Would you repeat the listing exactly but omit every picture?

(Exercise data)
▶
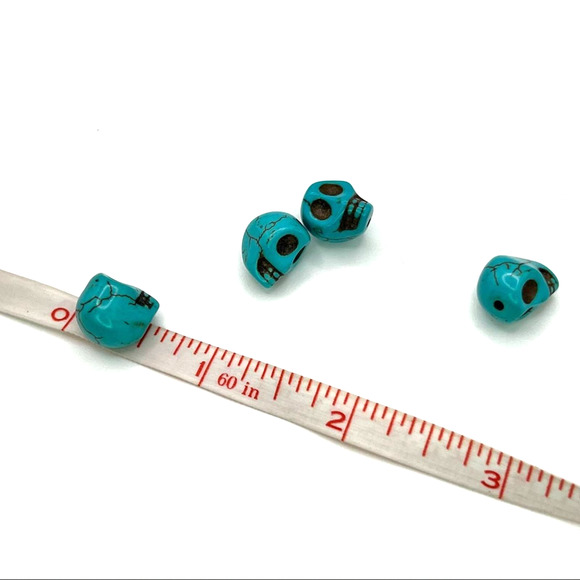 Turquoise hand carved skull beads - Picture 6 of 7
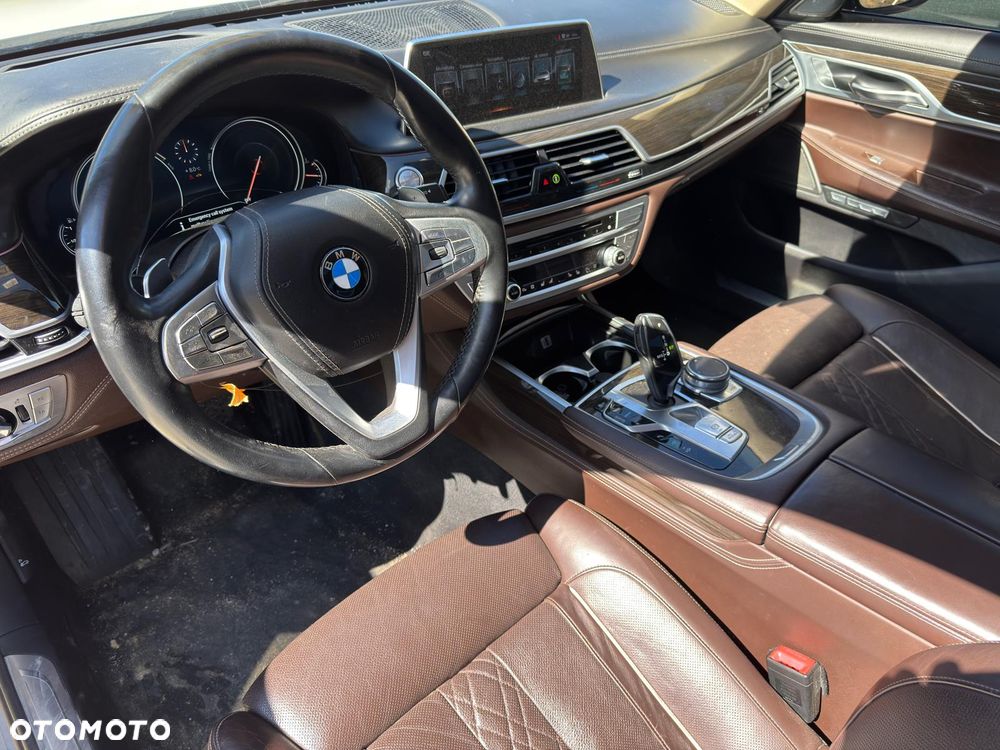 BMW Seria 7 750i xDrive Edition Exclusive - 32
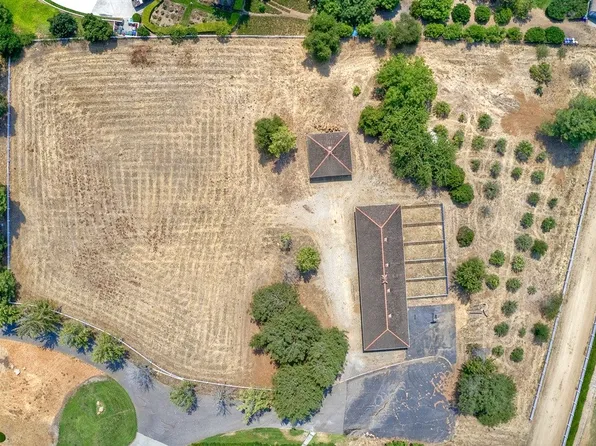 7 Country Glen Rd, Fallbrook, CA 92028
◀
(Task answer)
 Turquoise hand carved skull beads - Picture 6 of 7
 BMW Seria 7 750i xDrive Edition Exclusive - 32
 7 Country Glen Rd, Fallbrook, CA 92028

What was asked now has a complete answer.